Ve genç işsizler, iş bulma umudunu yitirenlerin bilançosu tutulmaya başlandı. Çoğaldı işsizler ordusu. Daha da büyüdü, çoğaldı mutsuz insanlar. Diplomalı işsizlerin marketlerde kasiyer, kimi inşaatlarda kum çekiyor, kimi garson, kimi günübirlik işte çalışsa da bu büyüyüp çocukluğunu geride bırakan gençlerin, büyük çoğunluğu da hayallerini kaybetmenin trajedisini yaşamakta.

**

Evleri başlarına yıkıldı binlerce insanın. Kayıp çocuklardan hala haber yok. Adalet arıyorlar da ortada hesap verecek olan da hesap sorulacak olan da nasıl oluyorsa yok.

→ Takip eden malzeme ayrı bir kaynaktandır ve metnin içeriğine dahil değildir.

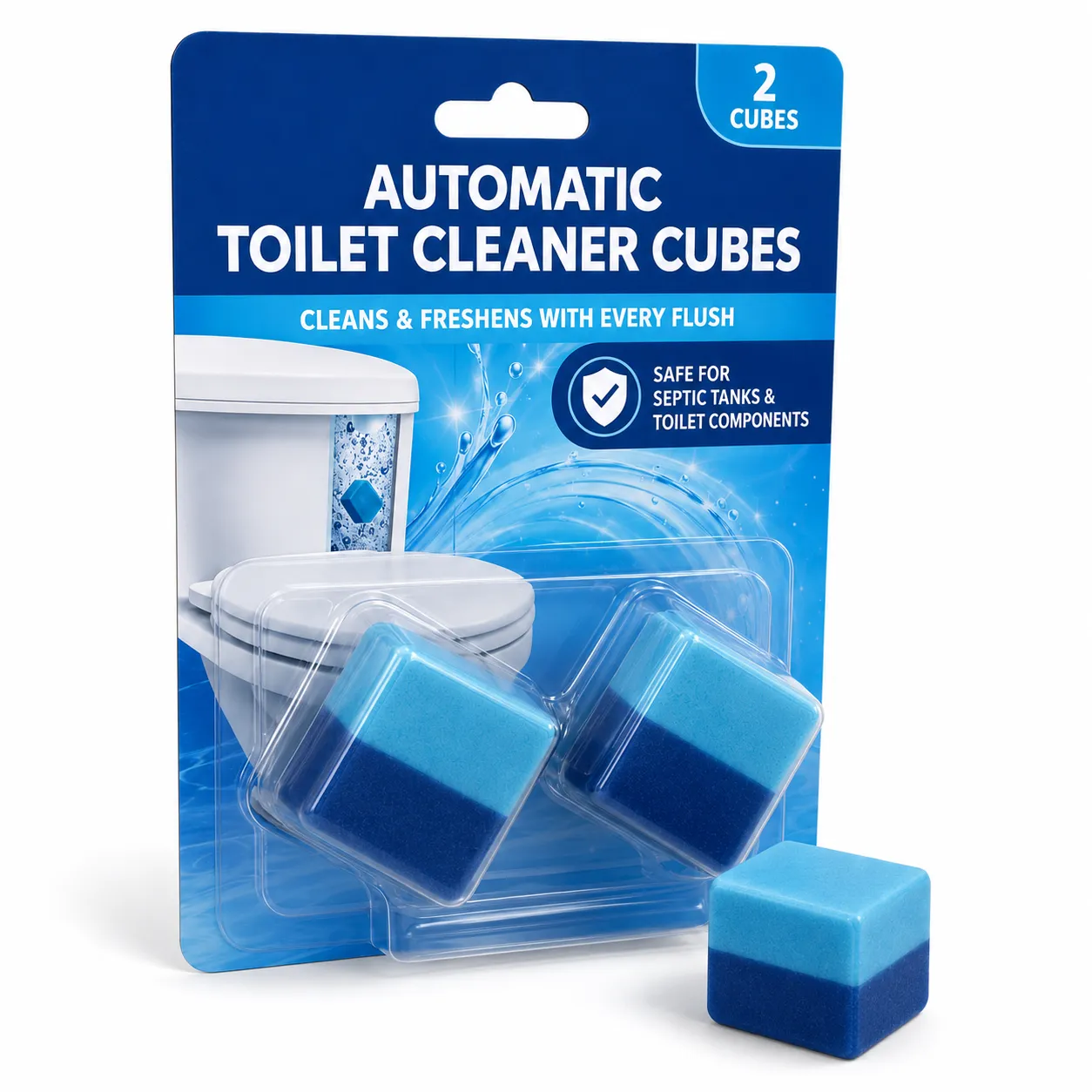 Blue in-tank toilet cleaner cubes with water-soluble protective wrappers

Yarınsız kalmaya doğru yürümüyor kimse bu ülkede çünkü o menzile doğru koşturuluyor adeta insanlar. Yarın kimin kapısı çalınacak, yarın kim tutuklanacak, yarın yandaşlar eliyle kim hedef gösterilecek, kim linç edilecek? Acaba etrafımızı kuduz bir virüs gibi kuşatan hangi cemaat ve tarikatta bir çocuğun hayatı karartılacak?

**

Kafamda deli sorular... Bugün ya da yarın kim ölecek? Eğer bunca zulmün orta yerinde nefes almak yaşamaksa olmaz olsun böyle yaşamak. Bunca yozlaşmaya, sefalete, yarınların çalınmasına ahlaki erozyona, kadına, çocuğa şiddete karşı hiçbir şey yapılmayacaksa yarın sıra kime gelecek?

**

Ortalıkta cirit atan çetelere, mafya artıklarına, yobazlara bunca ayrıcalık birileri eliyle altın tepside sunuluyorsa, senin de itiraz etme, hatta isyan etme hakkı da var unutma. Demokrasi, susmak değildir. Susmak onaylamaktır. Demokrasi hakkını kullan, susma ve unutma yalan söyleniyor hepimize ve yasal kılıflar giydiriliyorsa çalınan her şeye. İşte orada asıl çalınan bizim haklarımız ve bizim yarınlarımızdır aslında.

**

Ahmet Erhan’ın ‘’Kırlara değil, mezarlıklara çıkıyor yolumuz'' sözü geldi akla. Bizim de yolumuz karanlıklara değil aydınlık bir geleceğe çıksın diye, bu kirli büyümeye, bu lanetli çoğalmaya karşı yarınlar için bir ses de sen ver ses verenlerin sesine.